We have seen government officials appearing at public functions to represent a president that is no more available officially. The truth is that the constitution recognises only one presidency presided over by the president and, in his absence, officially by the Acting President. A situation in which officials go about pretending that they are representing the president who is officially unavailable does not accord with the constitution and does not give the right impression about a unified presidency and government. All duties to be performed by the president are now the preserve of the Acting President and officials representing the Presidency and the government ought to speak now in the name of the Acting President. It is incongruous for the government to speak of both the president and the Acting President.

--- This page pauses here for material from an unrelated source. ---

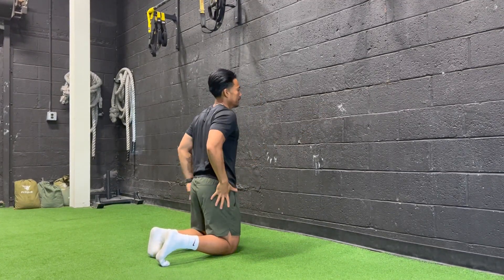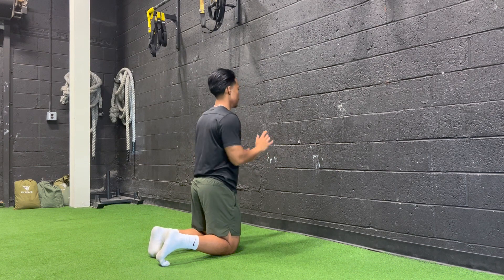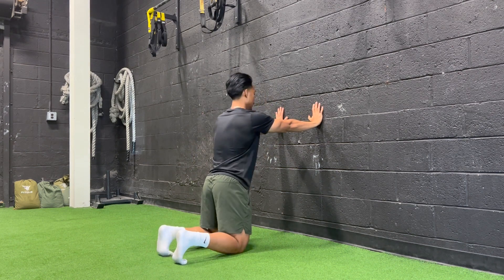We're going to go tall kneeling hip CAR — hip rotations using the wall for feedback. We're going to start kneeling here.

The fact that there is an Acting President in place means that the president is still officially on leave or vacation and is therefore unavailable. Unfortunately, it is not just other government officials that are falling into this error, as the Presidency itself recently released greetings by the president to Nigerians on the occasion of the Eid-el-Fitr celebrations. Yet, nobody has officially informed Nigerians that the president is back in office or has transmitted a written declaration to that effect to the National Assembly. This is to introduce confusion into governance as Nigerians are left with doubts about the true state of things. Even where and when the Acting President performs all the duties, Nigerians are not oblivious of the fact that he is still operating on behalf of the president, but how that is coordinated should be behind the scenes, instead of unleashing on Nigerians the untenable situation of both the president and the Acting President.
This incongruity was well displayed in the instance cited here as the Acting President could no more greet Nigerians for the Eid-el-Fitr celebrations because the greetings of the president had been released in spite of the fact that it was indeed the Acting President who received the Muslim delegation to the Aso Rock Villa and he was the one in office to officially respond to the celebrations. There is therefore the need to streamline things and ensure that government officials know the full implication of having an Acting President, such that a stop would be put to the continuing confusion of deploying the office of the president – where he is officially on vacation – and the position of Acting President together. The Acting President officially speaks for the Presidency now until the president returns and there should be no unwholesome intrusion to create governance problems by further introducing the president into the governance structure under an Acting President.